Suppose there are 2 notes, the first note is 1 beat long, the second note is 2 beats long.
Now you select them both and increase the length of the first note to 2 beats, then:
- "Absolute" will make the second note also 2 beats long
- "Relative" will make the second note 3 beats long. (+ 1 beat)
- "Percentual" will make the second note 4 beats long (100% increase)
- "This 1 Only" will only change the note you changed
The Event Graph Editor can work in 2 different modes: Bar mode, e.g. to edit velocity bars, and curve mode, e.g. to edit a MIDI controller or parameter curve. MuLab automatically selects the proper mode.
Tip: If you want to automate MIDI controllers and plug-in module parameters, you can also use multi-point envelope parts, see the composer doc page.
By clicking on the left side of the Event Graph Editor, you can select what you want to edit.
The below picture demonstrates what you can do with the mouse in bar mode:
The below picture demonstrates what you can do with the mouse in curve mode:
- To pan/zoom the editor, use the standard editor navigation methods.
- Pasting events happens at the 'focused position', that is the position where you last clicked the mouse or pressed a key. (eg a 'Paste' shortcut key)
|Using multiple MIDI channels|
MIDI channels come into play when you want to address the different sub-sections in a module, for example a multi-timbral synth.

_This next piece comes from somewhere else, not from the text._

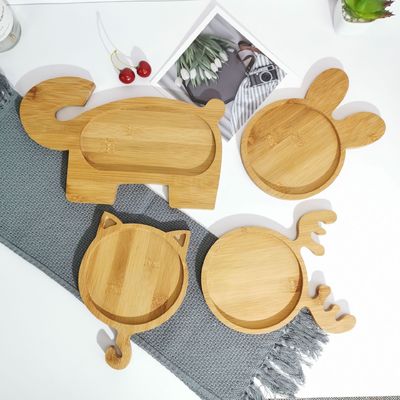 La piastra di aspirazione in legno è il modo perfetto per introdurre alimenti solidi al vostro bambino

A multi-timbral synth can generate different sounds at the same time, each controlled by its own MIDI channel. But there are more situations where the use of MIDI channels can be handy.
By default, tracks play on MIDI channel 1. You can change this via the track's context menu -> Choose MIDI Channel.
By default, sub-tracks use the same MIDI channel as their parent track, but you can change this too.
You can also set a track's MIDI channel to "Per Part" so you can define the MIDI channel per part via the part's context menu -> Choose MIDI Channel.
And if you set a part's MIDI channel to "Per Event", well then you can define the MIDI channel on event level.
In this case new drawn notes get the focused MIDI channel which can be changed via right-click on the sequence editor background -> Editor -> Choose Focused Channel.
You can also use the Sequence->Functions->Change MIDI Channel function or use the Event Property Panel (see above) to edit the MIDI channel of individual events.
Note about the sequence editor's context menu
When you popup the sequence editor's context menu, you'll see that there is a "Part" menu group, a "Sequence" menu group and an a "Editor" menu group.
A part is not a sequence, it are two different types of objects, and therefore they each have their own context functions, both accessible via the sequence editor's context menu.
So if you want to change the MIDI channel for a bunch of events, then don't use the Part->Choose MIDI Channel function as that will set the MIDI channel for the whole sequence part!
Instead use Editor->Choose Focused Channel to define the MIDI channel for new drawn notes, or use Sequence->Functions->Change MIDI Channel to change the MIDI channel of existing notes.